Sort of what I was thinking. I was able to find the ouput portion had it's own DC bus off of a large filter cap. I disconnected and the issue went away.
I'm not exactly sure how it works, but if I trace back from the base of the failed Darlington I see this:
Base links to the striped side of a diode (black plastic like rectifier diode), the other side links to a 51 ohm 2-watt resistor. The other end of the resistor links to the collector of a 2N2907 K8619 transistor. The base of this transistor connects to 2 small 1K ohm resistors one connects to pin 4, the other pin 6 of a GE H11L1 opto isolator.
Seems to me a circuit like that you should be able to throw any proper voltage, current, frequency rated transistor in and have it work.

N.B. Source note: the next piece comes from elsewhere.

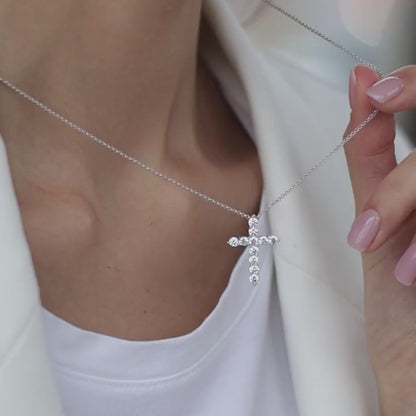 Necklace with a large cross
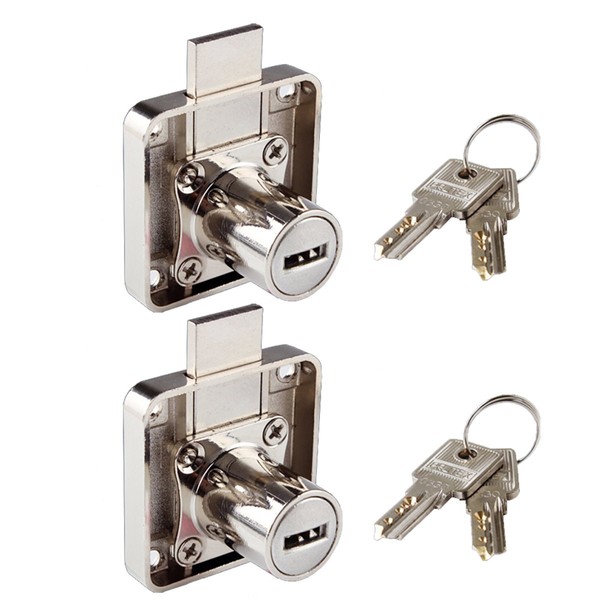 Drenky 2 PCS 19mm Security Drawer Cam Cylinder Door Mailbox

I think it may just be junk as it 30 or more yrs old while I don't see any sign of it there could be some bad caps on it also. This unit was supposed to be a PLC trainer for a school. All of the parameters are set with potentiometers. I have a small AB 120/240 3-4A PLC with LCD screen, lots more features I could use instead.
The only real reason I desire to fix this is to have something I can use to test transformers or get a variable frequency signal from. The first one I can't do without some larger transistors. The later I could probably just tap off on the base of one of the old darlington transistors and get a small voltage variable frequency signal.